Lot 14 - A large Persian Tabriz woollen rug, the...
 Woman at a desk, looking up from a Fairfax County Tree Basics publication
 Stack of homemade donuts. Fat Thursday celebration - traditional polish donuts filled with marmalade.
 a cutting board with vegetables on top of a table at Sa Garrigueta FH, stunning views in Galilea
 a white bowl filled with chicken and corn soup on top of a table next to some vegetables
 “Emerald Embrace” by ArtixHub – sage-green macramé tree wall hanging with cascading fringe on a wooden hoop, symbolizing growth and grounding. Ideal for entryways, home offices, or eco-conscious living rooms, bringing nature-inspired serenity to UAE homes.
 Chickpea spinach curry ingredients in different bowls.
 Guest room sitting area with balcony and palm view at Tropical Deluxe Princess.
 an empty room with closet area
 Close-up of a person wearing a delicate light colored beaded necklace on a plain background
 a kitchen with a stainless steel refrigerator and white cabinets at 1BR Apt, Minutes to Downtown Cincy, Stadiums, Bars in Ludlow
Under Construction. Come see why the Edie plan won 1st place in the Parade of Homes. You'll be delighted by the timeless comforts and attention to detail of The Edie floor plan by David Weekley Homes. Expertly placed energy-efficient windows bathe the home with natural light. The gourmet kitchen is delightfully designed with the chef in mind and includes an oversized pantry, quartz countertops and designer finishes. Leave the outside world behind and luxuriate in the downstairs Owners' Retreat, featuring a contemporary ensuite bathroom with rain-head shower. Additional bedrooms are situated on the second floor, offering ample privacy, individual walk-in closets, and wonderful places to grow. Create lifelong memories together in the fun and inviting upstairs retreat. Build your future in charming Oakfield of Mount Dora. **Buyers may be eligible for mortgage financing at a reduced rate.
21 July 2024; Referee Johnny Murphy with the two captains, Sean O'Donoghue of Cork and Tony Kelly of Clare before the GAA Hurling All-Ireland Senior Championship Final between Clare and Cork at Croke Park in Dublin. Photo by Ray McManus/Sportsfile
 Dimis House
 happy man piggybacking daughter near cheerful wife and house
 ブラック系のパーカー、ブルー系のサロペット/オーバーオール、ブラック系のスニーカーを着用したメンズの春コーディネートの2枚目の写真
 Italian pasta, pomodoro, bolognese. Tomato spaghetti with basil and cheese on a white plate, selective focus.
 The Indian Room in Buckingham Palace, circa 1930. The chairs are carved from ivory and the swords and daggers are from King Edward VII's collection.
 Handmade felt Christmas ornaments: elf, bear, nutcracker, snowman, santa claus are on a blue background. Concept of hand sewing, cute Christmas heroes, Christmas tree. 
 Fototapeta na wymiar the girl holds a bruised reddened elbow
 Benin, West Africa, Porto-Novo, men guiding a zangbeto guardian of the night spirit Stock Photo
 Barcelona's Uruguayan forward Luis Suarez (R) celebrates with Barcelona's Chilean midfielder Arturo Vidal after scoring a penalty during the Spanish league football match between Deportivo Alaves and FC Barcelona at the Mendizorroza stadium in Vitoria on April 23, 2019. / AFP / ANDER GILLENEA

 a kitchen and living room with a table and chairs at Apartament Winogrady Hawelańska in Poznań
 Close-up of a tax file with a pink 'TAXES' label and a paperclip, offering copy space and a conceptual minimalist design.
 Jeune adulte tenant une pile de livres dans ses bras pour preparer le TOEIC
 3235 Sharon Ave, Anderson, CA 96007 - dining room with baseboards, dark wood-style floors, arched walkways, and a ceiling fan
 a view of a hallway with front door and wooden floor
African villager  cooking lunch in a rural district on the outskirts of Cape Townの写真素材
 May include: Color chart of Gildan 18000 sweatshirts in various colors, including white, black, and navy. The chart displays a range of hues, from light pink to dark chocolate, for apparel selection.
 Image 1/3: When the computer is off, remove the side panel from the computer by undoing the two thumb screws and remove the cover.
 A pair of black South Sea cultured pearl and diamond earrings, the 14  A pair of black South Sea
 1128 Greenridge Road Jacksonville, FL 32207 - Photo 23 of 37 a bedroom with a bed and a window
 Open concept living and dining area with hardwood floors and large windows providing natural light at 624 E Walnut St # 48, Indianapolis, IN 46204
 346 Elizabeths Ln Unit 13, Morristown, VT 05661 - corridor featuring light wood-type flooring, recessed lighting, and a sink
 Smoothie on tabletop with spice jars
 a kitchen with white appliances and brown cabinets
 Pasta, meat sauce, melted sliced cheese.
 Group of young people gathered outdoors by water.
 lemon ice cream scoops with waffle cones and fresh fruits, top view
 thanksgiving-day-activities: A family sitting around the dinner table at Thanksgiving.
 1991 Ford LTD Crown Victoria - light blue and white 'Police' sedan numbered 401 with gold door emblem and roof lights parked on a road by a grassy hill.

How to complete this task => Please print verbatim each line from the first line of the entries above to the line that contains "a white bowl", inclusive, and nothing more.

Answer box =>
Lot 14 - A large Persian Tabriz woollen rug, the...
 Woman at a desk, looking up from a Fairfax County Tree Basics publication
 Stack of homemade donuts. Fat Thursday celebration - traditional polish donuts filled with marmalade.
 a cutting board with vegetables on top of a table at Sa Garrigueta FH, stunning views in Galilea
 a white bowl filled with chicken and corn soup on top of a table next to some vegetables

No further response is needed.